We pointed out recently that the threat to the Pavlovsk Experiment Station’s field genebanks is not, in fact, as unique as it might seem. From Science magazine comes news that “Australia’s seed banks are tumbling like dominoes”. The report details the gradual loss of Australia’s six genebanks.
[I]n mid-2008 a bank in Adelaide holding Mediterranean forages such as alfalfa closed its doors; of its 45,000 accessions, 95% are held nowhere else in the world.
Where have we heard claims like that before?
Part of the article that I don’t understand concerns Australia’s obligations under the International Treaty on Plant Genetic Resources for Food and Agriculture. Is there really a mechanism to prevent free-riders, as the article suggests? If Australia cannot supply seeds from its own genebanks, because those seeds are dead, or no longer exist, will they really be blocked access to other genebanks’ accessions?

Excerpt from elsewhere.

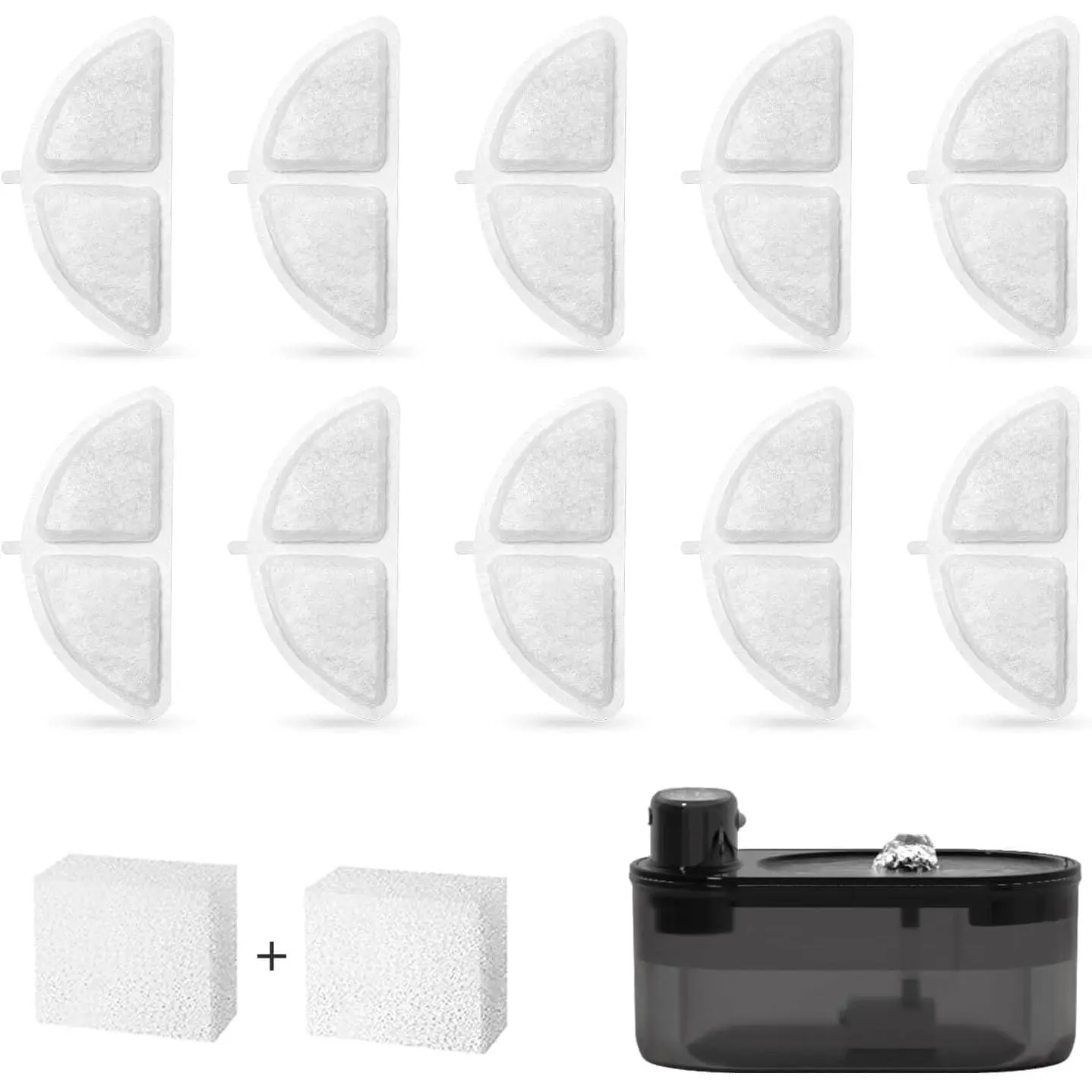 Water Fountain Filters Set, 10 Filters & 2 Pre-Filter Sponges for 3L/101oz Automatic Water Pet Fountain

The article ends by echoing what is really the crucial point for all genebanks:
Seed banks “need long-term support that is outside grant or research support,” says Megan Clarke, chief executive of CSIRO, Australia’s national science agency and the country’s main supporter of agricultural research.
That is clearly as true in Australia as it is in Russia. And the Australians aren’t even planning to build houses where the genebanks were.